Необходимо добавить, что писатели-демократы не смогли в полном объеме воспользоваться своими художественными открытиями, глубоким знанием жизни трудового народа. Этому мешали многие обстоятельства. Личные условия бытия писателей-демократов были крайне тяжелыми, неблагоприятными для творческой работы. Ядовитая "злоба дня" народной жизни терзала их и мешала художественной деятельности. Многие из них спивались и преждевременно уходили из жизни. Трагические судьбы самих писателей слились с трагическим характером изображаемой ими жизни. В "Беседах о ремесле" Горький заметил, что история литераторов-разночинцев - ""мартиролог", то есть перечень мучеников". [46]
И все же концепция обстоятельств и человеческих характеров в реалистической системе беллетристов-демократов не исчерпывается изображением "забиенной среды" (Решетников), всевозможного "обезображивания" (Г. Успенский) человеческой личности. Влиянию среды на судьбы, поведение и психику людей некоторые из шестидесятников вовсе не придавали какого-то фатального характера, а человека они изображали не только обреченной жертвой. И здесь они следовали за Чернышевским, за Писаревым. Последний признавал, что "человек - продукт среды и жизни". Но критик указывал и на другую сторону отношений человека и среды: "...жизнь в то же время вкладывает в него (в человека, - Н. П.) активную силу, которая не может быть мертвым капиталом для существа деятельного". [47]

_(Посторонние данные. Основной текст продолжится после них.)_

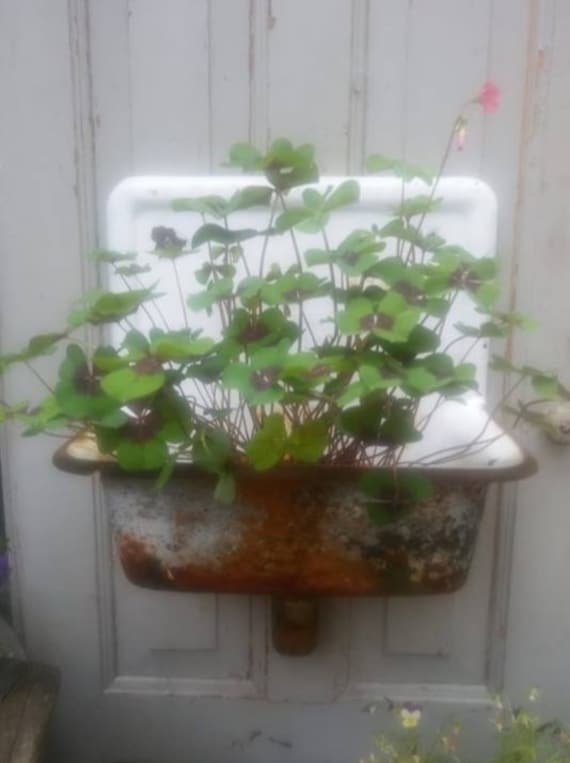 Wash Basin Shabby Chic Etsy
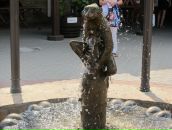 Егор Орлов фотография #46 (источник - https://vk.com/id3419501)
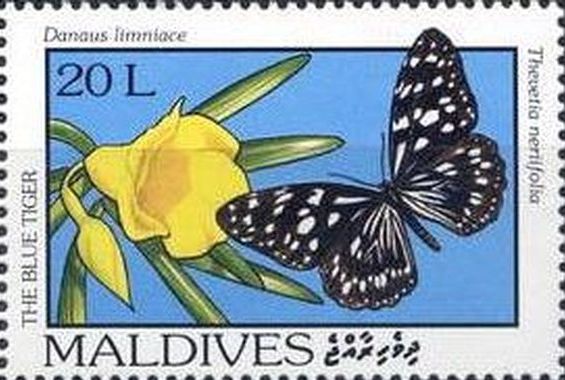 sos maldives 1894 1993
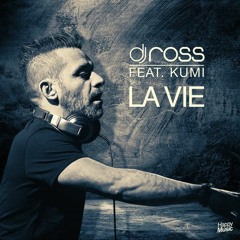 DJ Ross Feat Kumi - La Vie (Owen Mashup) (FILTER)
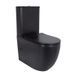 Унітаз підлоговий Qtap Robin Ultra Quiet безобідковий з сидінням Soft-Close MATT BLACK QT13226083AMB, компактний, з механічним зливом SD00052566 фото 1
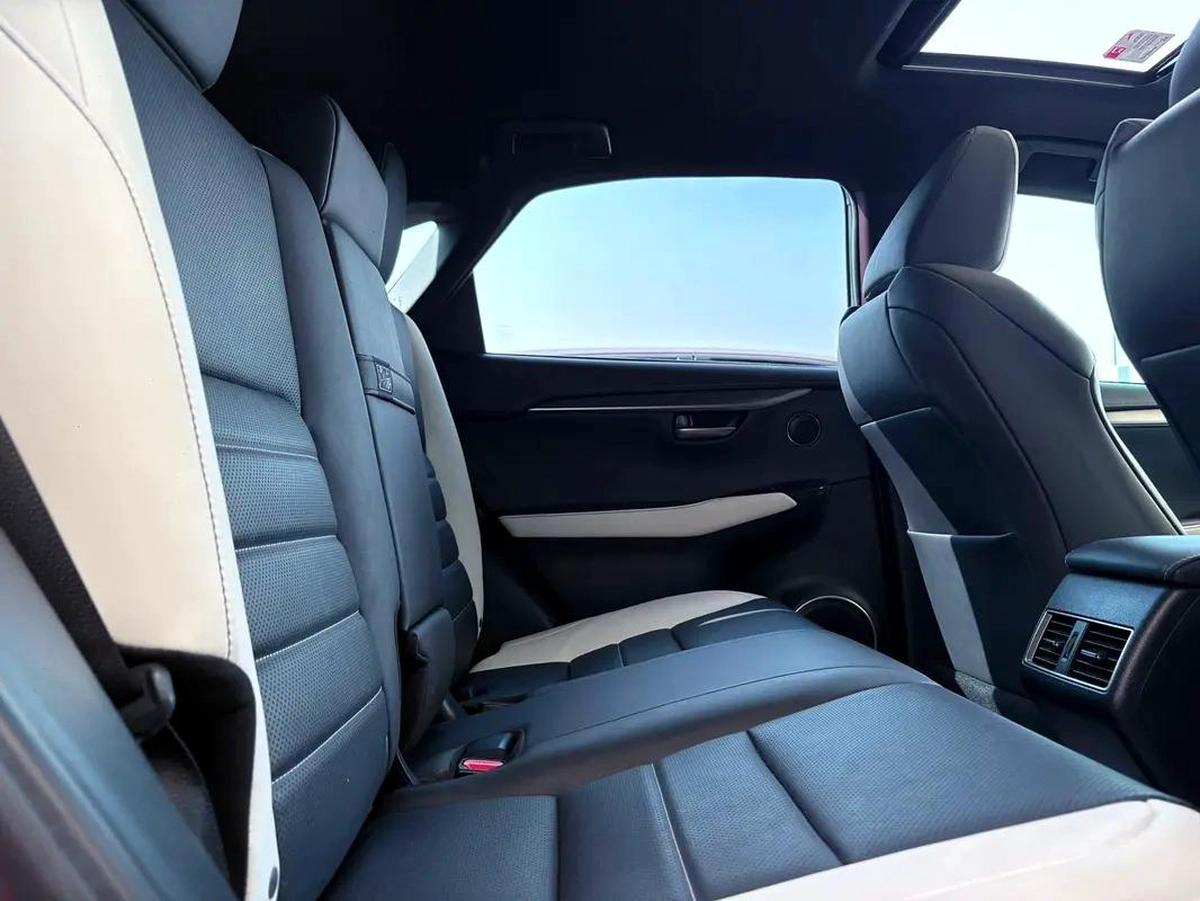 Lexus NX 300 F Sport 2021 MODEL-3-3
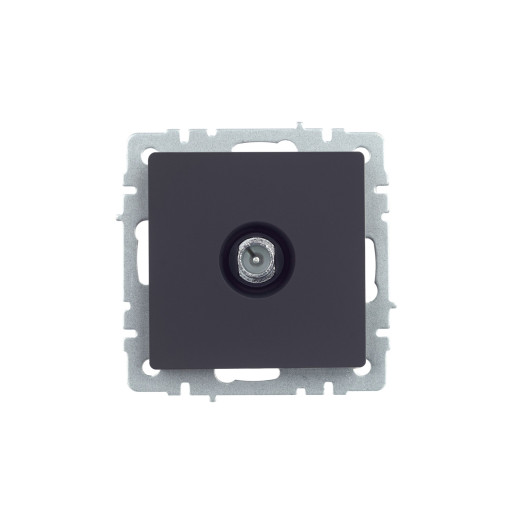 BRITE Роз. TV проходная РТВ10-0-БрГ граф. IEK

У каждого представителя школы шестидесятников был свой уровень понимания проблемы "человек и социальная среда". Слепцов в ее толковании стоял на позициях революционно-демократических. Его Рязанов хотя и конспиративно, но целенаправленно и результативно воздействует на окружающую обстановку в нужном ему направлении. Под влиянием его пропаганды происходит самоопределение и размежевание социальных сил, развязка отношений. Подобных разночинцев-революционеров, родословная которых восходит к базаровскому или рахметовскому типу, не знали другие беллетристы-шестидесятники. Никто из них не встретился и с Кудеяром или с Савелием - богатырем святорусским. Однако это не помешало определиться общей тенденции, им присущей, - они искали среди разночинцев и в народе людей с пробуждающимся самосознанием, способных сопротивляться обстоятельствам, возвышаться над ними.